=== PROVIDED DATA ===
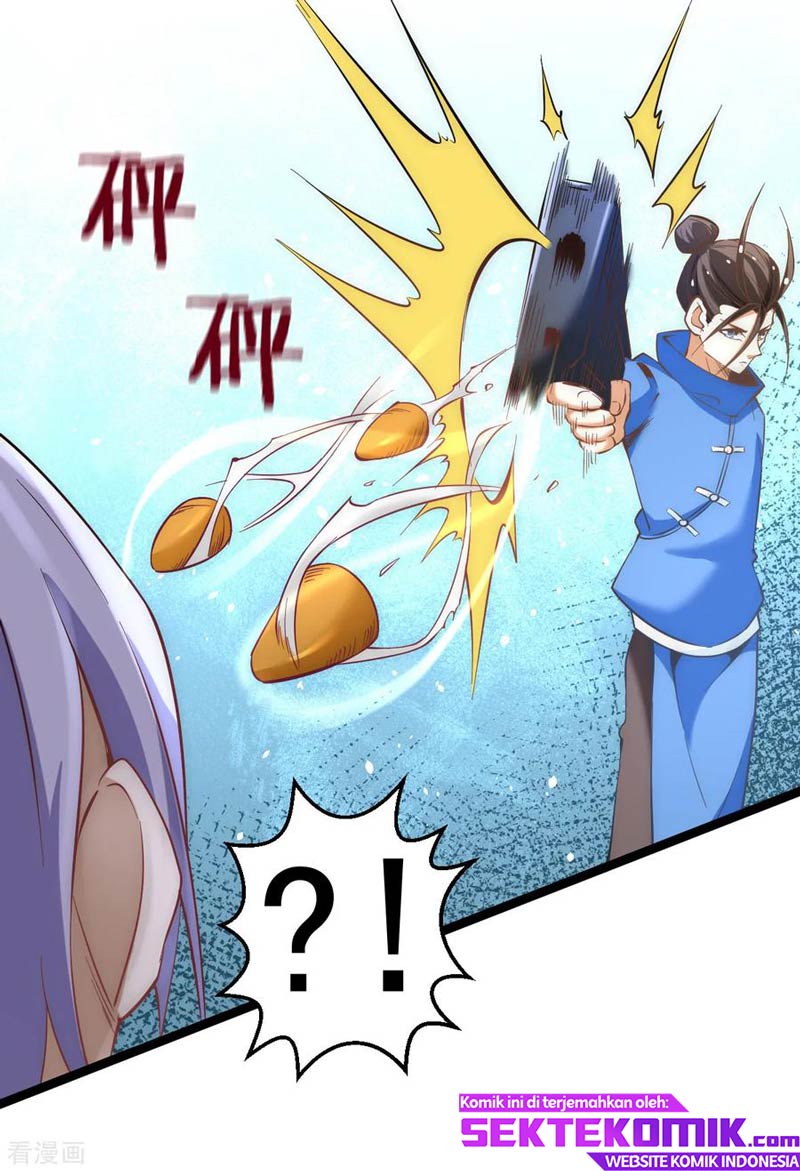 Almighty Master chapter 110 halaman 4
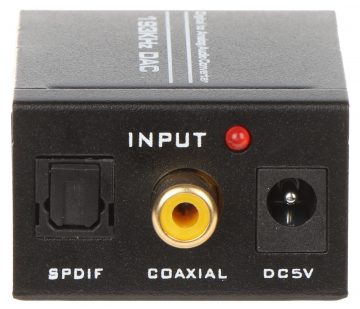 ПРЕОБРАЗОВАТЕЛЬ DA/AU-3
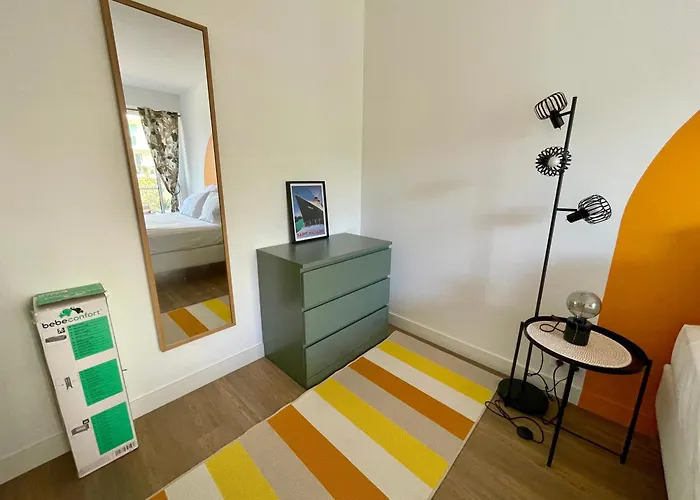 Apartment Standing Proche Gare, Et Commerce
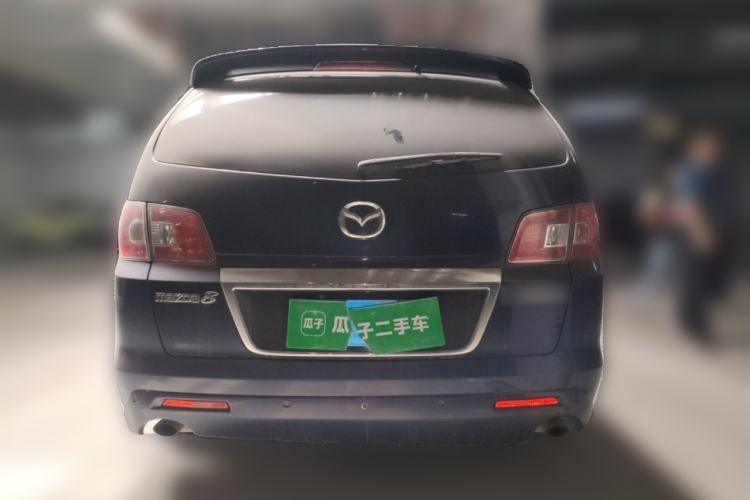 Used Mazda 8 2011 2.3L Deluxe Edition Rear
===
**YOUR TASK**
Please return the listing above exactly and leave every picture out.

**RESULT**
 Almighty Master chapter 110 halaman 4
 ПРЕОБРАЗОВАТЕЛЬ DA/AU-3
 Apartment Standing Proche Gare, Et Commerce
 Used Mazda 8 2011 2.3L Deluxe Edition Rear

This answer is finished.